Beaucoup d'observateurs prédisaient un affrontement stérile entre deux équipes surtout préoccupées à assurer leur assise défensive et à faire déjouer l'adversaire; leurs prédictions se sont révélées exactes, la réalité fut même encore plus terne en matière de proposition de jeu, mais sans doute l'enjeu était-il trop important pour Toulon comme pour le Leinster pour oser d'autres schémas et sortir de leur vision minimaliste.
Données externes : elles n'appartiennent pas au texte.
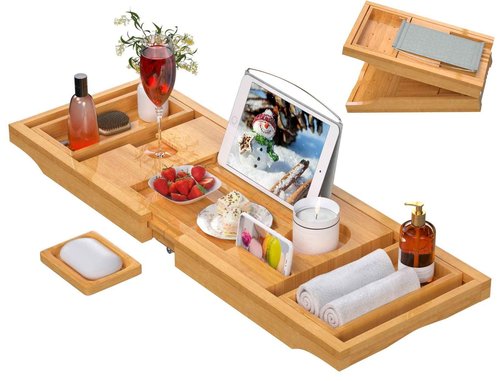 Bamboo Bathtub Caddy Tray Expandable for Luxury Bath, Bath Accessories & Table with Wine Glass Holder, Book Stand Bathroom Organizer with Extending Sides for Men/Women,Natural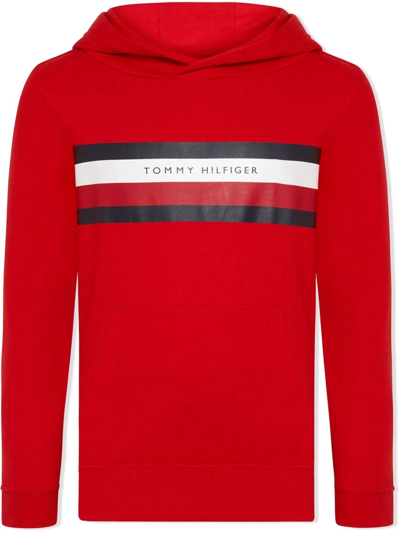 Tommy Hilfiger Junior Kids' Logo Print Striped Hoodie In Red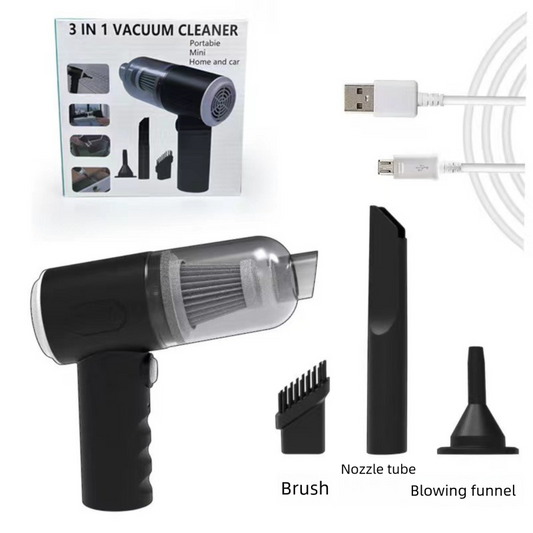 Black 3-in-1 Portable Cordless Mini Vacuum Cleaner Handheld Air Duster & Blower USB Rechargeable Kit for Car Interior Home Office Keyboard Pet Hair.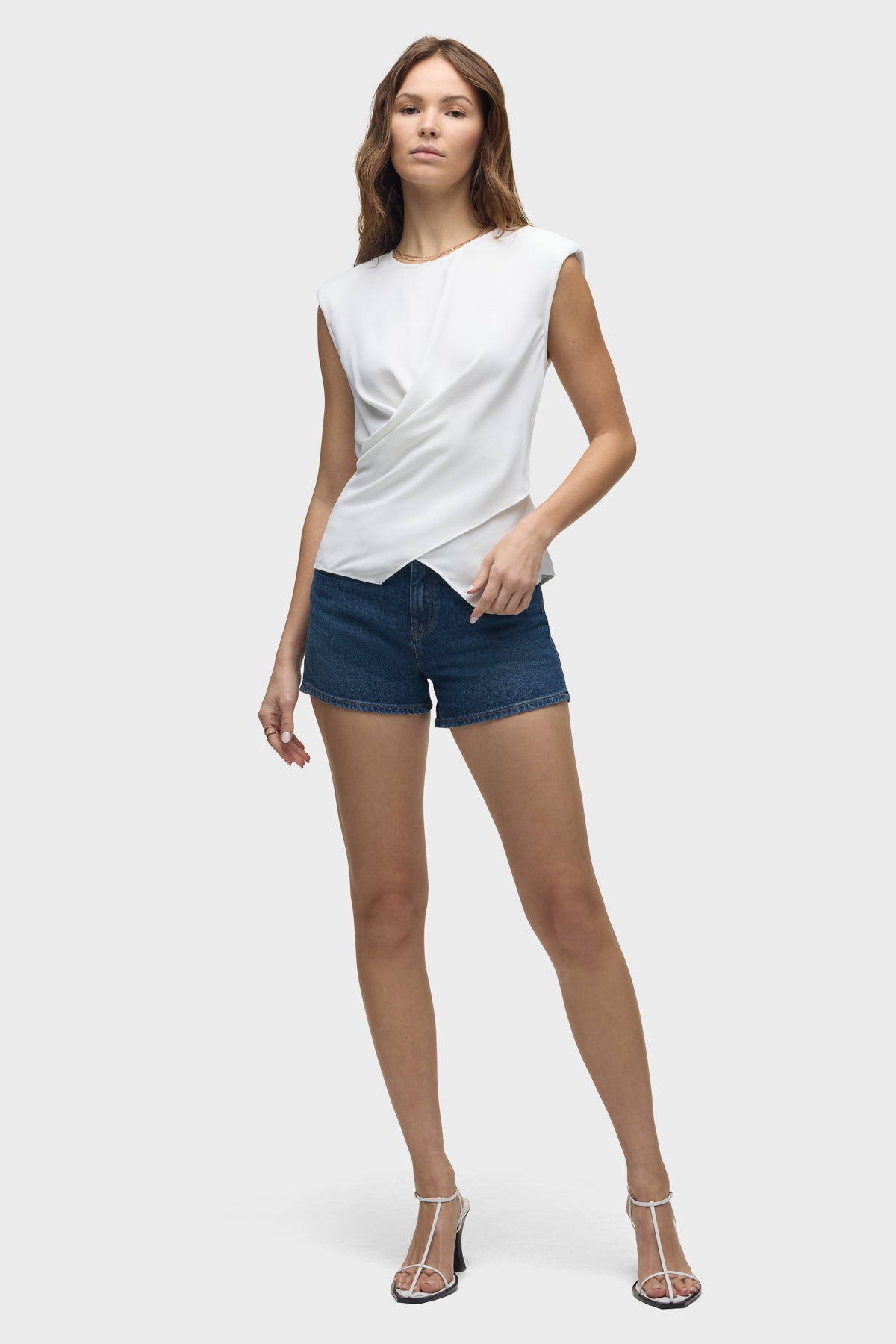 Hudson Shoulder Padded Wrap Sleeveless Tee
Ce fut en quelque sorte un bras de fer, un combat de poids lourds sur le ring du Vélodrome, et la pluie sur Marseille n'aidait pas à encourager des joueurs qui n'y sont pas poussés par nature à mettre du mouvement au large.

On se contenta donc de ballons portés, d'enchaînements au près, de mauls et mêlées ouvertes, dans une volonté surtout de conquêtes et d'avancées, pour aller certes porter le danger mais surtout mettre l'adversaire à la faute. Le tout accompagné d'un jeu au pied approximatif, même si, dès les premières minutes, sur un coup de pied de déplacement Masoe a bien pensé avoir marqué, mais il était hélas hors-jeu au départ de l'action. Ce fut le seul éclair dans une partie acharnée, où les équipes ne cessaient de se jauger avec, avant tout, la volonté de prendre le leadership. Mais il y avait trop de déchets, de manques de précisions sur les détails pour que les ingrédients mis par les protagonistes permettent de réussir la recette d'une rencontre digeste.  

Un duel de buteurs

Dans ce rugby là, avec beaucoup de pression, il y eut évidemment de part et d'autres les ballons perdus et les fautes au sol, et de nombreux turn-over sur des séquences très courtes. Les Toulonnais tentaient bien de passer la surmultipliée mais ils se montraient trop indisciplinés. A la pause le Leinster était devant 9-6, dans ce qui se résumait à un duel entre Halfpenny et Madigan.

Le scénario ne changeait pas en deuxième période, et là aussi, sur des fautes dans la libération du ballon ou dans les entrées dans la zone de plaquages, les joueurs laissaient s'expliquer les canonniers, avec cette fois-ci un avantage au Toulonnais, qui arrachaient la prolongation (12-12).

Un essai qui change tout

Toujours motivés par l'intention d'une défense tout terrain et de pousser l'adversaire à la faute, les Toulonnais, poussés par leur public, tentaient de mettre un peu plus d'animation, mais le jeu n'évoluait pas tellement, d'autant que Ali Williams récoltait un carton jaune (95e) qui mettait les Varois en infériorité numérique. Le match allait basculer à la dernière minute de la première prolongation, sur des rares ballons joués par les Irlandais, Ian Madigan dont la passe trop molle était interceptée par Habana qui allait pointer dans l'en but. Avec un avantage un peu plus conséquent alors (25-15), le RCT avait indiscutablement fait le plus dur. Même si, comme s'il leur eût fallu attendre d'être au pied du mur, les Irlandais se décidaient à proposer autre chose pour enfin marquer un essai par O'Brien à la suite d'un groupé-pénétrant. Mais il était trop tard.

Toulon a su alterner les moments forts et les moments faibles, en faisant le gros dos quand ce fut nécessaire et en montrant de grosses ressources pour s'en sortir dans un match sans éclat, mais avec énormément de tension. Toutefois, pour soulever une troisième fois de suite le plus prestigieux trophée continental, le RCT devra certainement montrer autre chose que ce qu'il a produit face au Leinster, à qui il a d'ailleurs ravi le titre de terreur européenne. Face à Clermont, ce ne sera pas forcément possible de se livrer à un pareil jeu d'échec tactique.